Monday, February 2, 2009
A Duke University researcher who’s one of the world’s top experts on using geospatial technology to map oceans and marine life played a key role in developing content for the new virtual mapping software, Ocean in Google Earth.
Pat Halpin, director of the Marine Geospatial Ecology Laboratory at Duke’s Nicholas School of the Environment, joined Eric Schmidt, CEO of Google, and a host of environmental news makers including former Vice President Al Gore, at the launch of the new software Monday at the California Academy of Sciences in San Francisco.
Ocean in Google Earth, online at http://earth.google.com/ocean, uses images obtained from satellite imagery, undersea photography and global information system 3-D technology to enable users to “dive” beneath the surface of the sea and explore the ecosystems, species and geologic features found there.

“There’s an old expression: Out of sight, out of mind," Halpin says. "We don’t want that to happen to these amazing animals and places. By sharing these journeys through Ocean in Google Earth, we hope to provide a resource for scientists and students worldwide, and increase public awareness and appreciation of the need to explore and protect the world beneath the ocean’s waves."
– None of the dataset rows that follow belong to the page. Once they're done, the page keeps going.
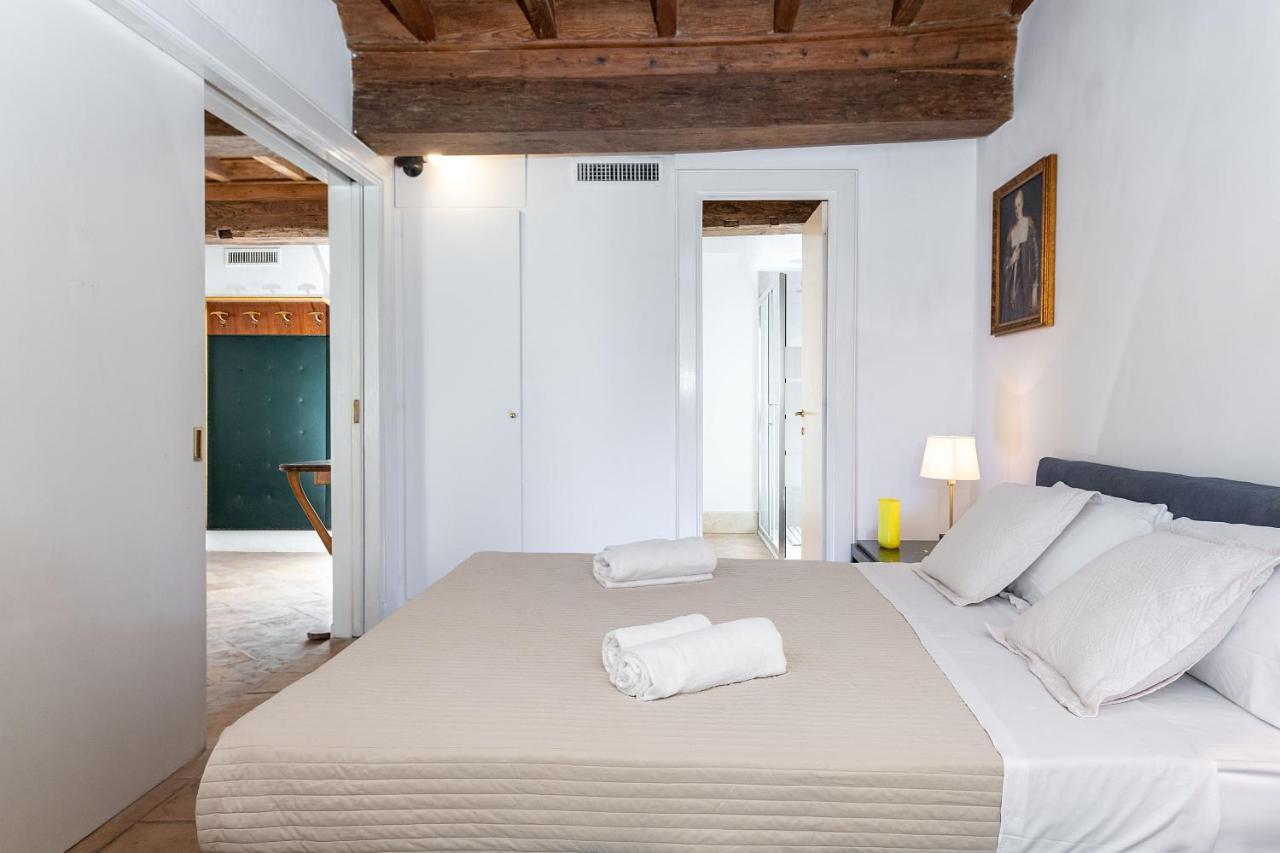 Banchi Apartments - Castel Sant'Angelo Рим Екстер'єр фото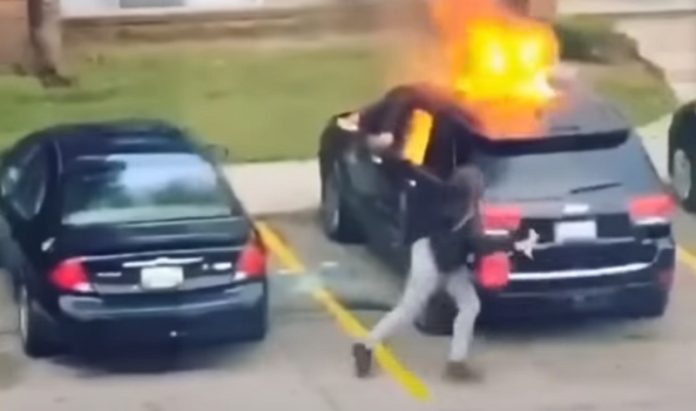 Mulher pega fogo a carro do namorado mas quase se magoa seriamente Mulher pega fogo a carro do namorado mas quase se magoa seriamente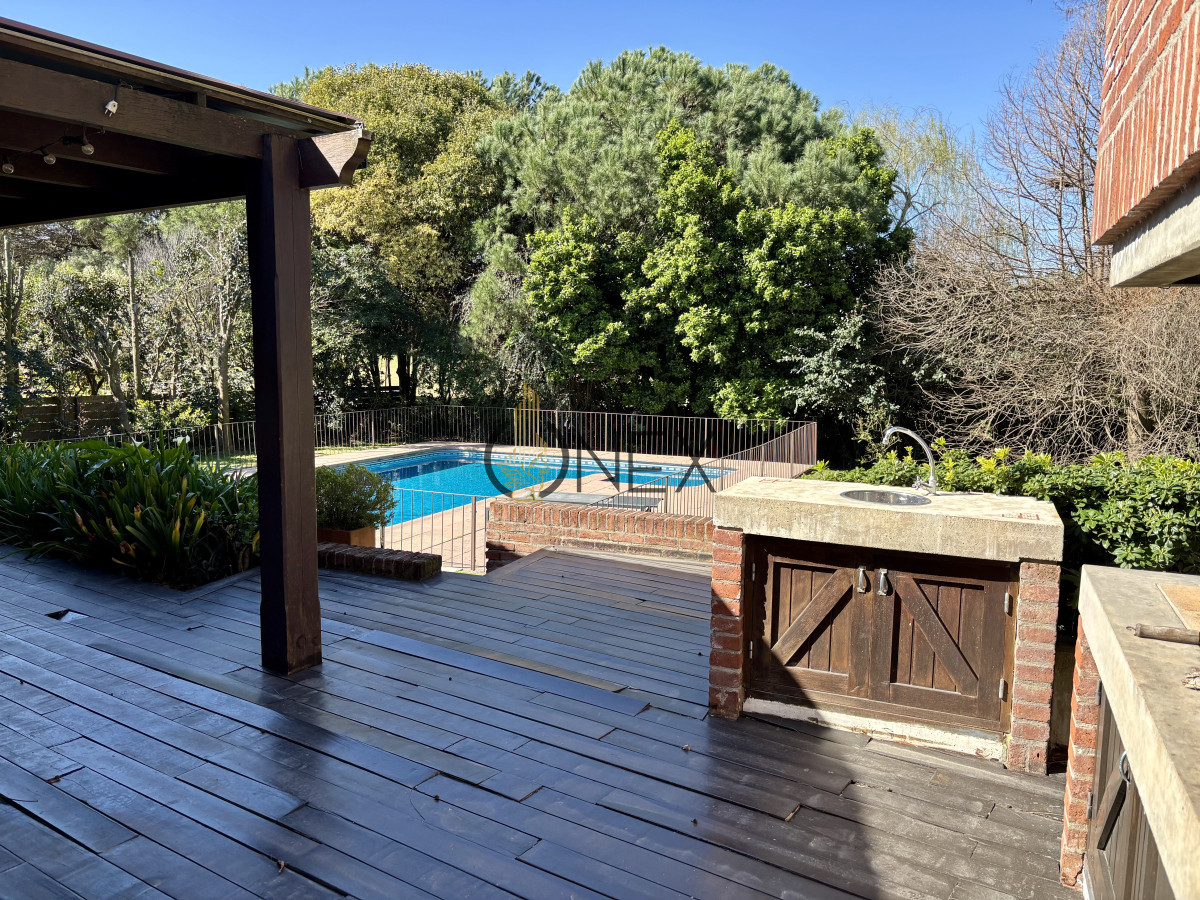 Casa ID.3329 - LUJO Y COMODIDAD Venta o Alquiler Casa Lomas Tahona 3D suite Playroom Estar Terraza Gge Piscina Parrillero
The virtual journeys in the Census of Marine Life layer of Ocean in Google Earth give users glimpses of new life forms from some of the most remote and little-explored places on the planet, along with stories of the scientists who discovered them, Halpin says. Halpin served on Google’s advisory council as a representative of the Census of Marine Life, a network of researchers in more than 80 nations engaged in a 10-year scientific initiative to assess and explain the diversity, distribution and abundance of life in the oceans.
Navigating the Census content in Ocean in Google Earth, users come face to face with a collection of bizarre undersea creatures, including 50 species of Arctic jellyfish, a colossal sea star and Antarctica’s biggest amphipod. They can follow along as scientists explore sites such as the hottest hydrothermal vent ever discovered or a new ocean environment created by an ice shelf break the size of the island of Jamaica.
For the past year, Halpin oversaw the incorporation of images, geospatial data, maps, videos and narratives from Census explorations into 129 “virtual expeditions” accessible to the public through Ocean in Google Earth.
"This is just the beginning of what should be an expanding amount of content loaded onto Ocean in Google Earth from our group,” he adds.
Duke University Marine Geospatial Ecology Lab staff members Ei Fujioka and Ben Donnelly worked with Halpin to prepare the content for Google. They were assisted by Census of Marine Life staff members Sara Hickox, Darlene Crist and Jay Harding of the University of Rhode Island.